I was told today of a web site that exists allowing you to send snail mail to someone by entering their email address in a web form. DoubleClick was thoroughly reamed for publicly announcing their intention to merge online and offline databases for exactly that ability, yet other companies are operating quietly without public outcry. Because they are doing it without telling us.
"I know what you did last night" may soon be a wonderful and welcome comment if it comes from your milk carton.
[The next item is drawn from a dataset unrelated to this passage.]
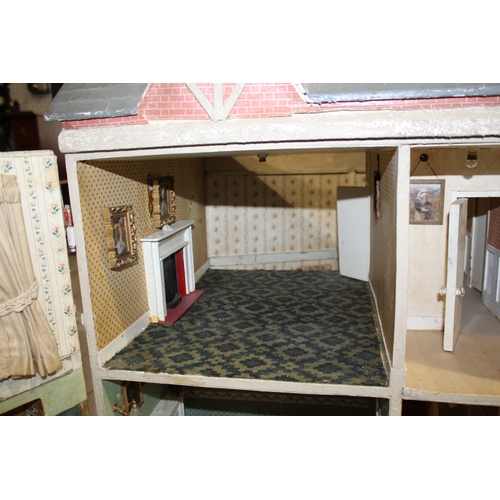 1481 - ANTIQUE DOLLS HOUSE a 2 storey house with large glazed windows and brick facade, the interior with f...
Let's just keep that information in family of inanimate objects and out of hands of government, criminals, telemarketers and unsavory data warehousing software developers.
A recent privacy uproar concerns public posting of ICQ logs from PC of a web company CEO concerning internal private discussions over instant messaging service.
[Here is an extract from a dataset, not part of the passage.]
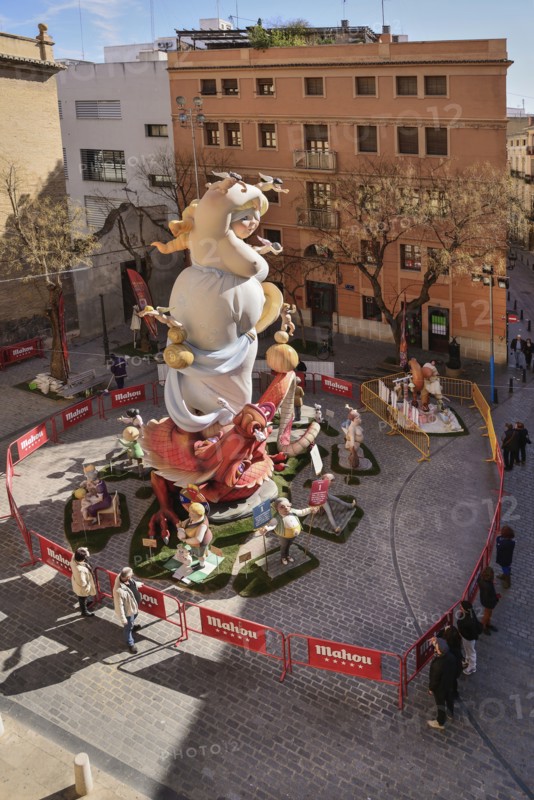 Spain, Valencia Province, Valencia, Papier Mache falla scene with onlookers viewing a giant figure of a lady in the street at Torres de Quart during Las Fallas festival.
In this case it was someone having access to same PC that led to security breach, but it has fired discussions about how instant messaging text is served and how and where it is stored and who has access to those logs, how they might be accessed externally and by whom and if they are encrypted.
This is un-nerving side of ease of access to information but there are also some seriously funny thoughts on privacy:
The link above will take you to a hilarious article describing a "continuous series of detachable, 480x480-pixel square displays, complete with Bluetooth wireless communications!"
This "display" innovation may get more personal than you think since it comes as newest version of "Free Toilet Paper with Banner Ads".
Talk about getting personal with privacy issues!